A multiple regression analysis was carried out to ascertain whether DAT predicted any psychopathological behaviors. The results failed to find any significant finding to show if DAT or any of the alleles predicted the psychopathological variables.

  Discussion Top

The DAT gene has been proposed to play a significant role in behavioral and affective regulation.[16] Many child and adolescent psychiatric disorders have been reported in the literature to have a positive association with the DAT gene. This has been reported for attention-deficit disorder, oppositional defiant disorder, and autism spectrum disorders.[10],[11],[17] These are all disorders where impulsivity, aggression, and social withdrawal may be seen.
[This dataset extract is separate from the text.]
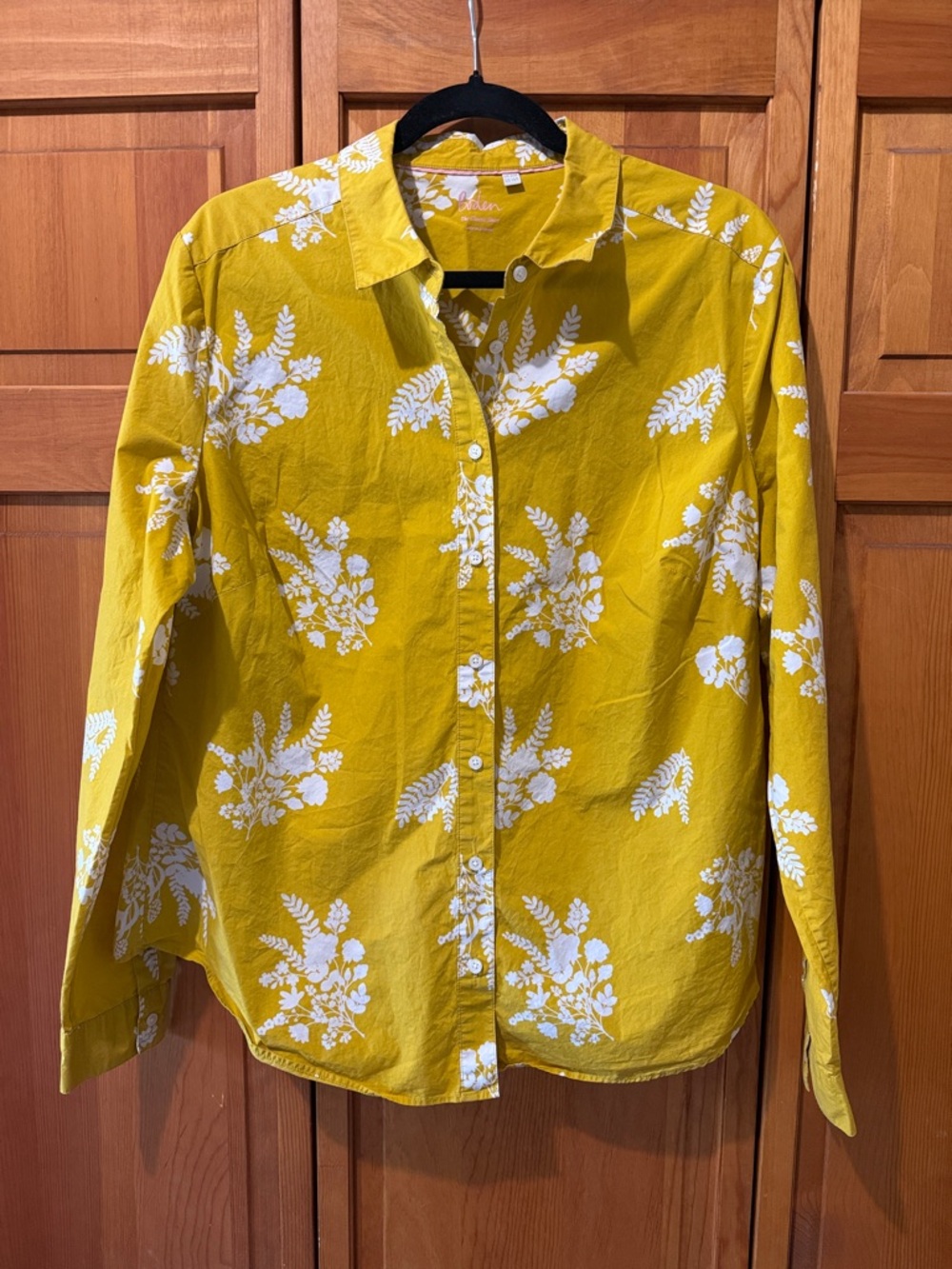 Boden Yellow Floral Button-Down Shirt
The present study is unique because it assesses the association between DAT genotype, its alleles, and DAT methylation in correlation to IA and behavioral impulsivity along with other psychopathological variables such as rule-breaking behavior, aggressive behavior, withdrawn behavior, somatic complaints, anxiety-depression, thought problems, attention problems, and intrusion among youths (males and females, median age = 23 years) in the 10/10 genotype group. Positive correlations were found between two methylation loci, i.e., met5 and met7, and DAT. None of the methylation loci studied or DAT correlated with any of the scores on the various scales (IAT and BIS) and psychopathological variables (as mentioned above) indicating no direct association (/positive correlation). The study is a small one and has only 32 youths with 10/10 genotype and hence may be inconclusive. A larger number of participants may have helped yield some positive results. However, the nature of the financial involvement needed in the study restricted the number of samples recruited. A minimum requirement of 30 samples was maintained, and keeping in mind that the prevalence of psychopathology as a result of DAT methylation in the 10/10 genotype group is yet in its initial explorations, a standard sample remains to be decided. Nevertheless, it is presently safe to consider that the greater size of sample will be more conducive to optimize the aforementioned associations with psychopathology. Rule-breaking behavior and withdrawn behavior correlated with IAT scores. It is well known that youths with IA may show a lack of regard for rules and oppositional behavior[18] as well as the IA may be a cause for social withdrawal and withdrawn behavior.[19] The same associations were noted for behavioral impulsivity scores and rule-breaking behavior, withdrawn behavior, and intrusiveness. Impulsivity has been linked to intrusiveness in some studies in the past.[20] In the present sample, the aggressiveness scores of the youth were linked to anxiety-depression and thought problems. Aggressive behavior may be a symptom on its own and may also be the manifestation of various thought disorders or a symptom of depression.[21] It is important that a positive correlation merely entails that the scores are related and does not mean a cause-and-effect relationship.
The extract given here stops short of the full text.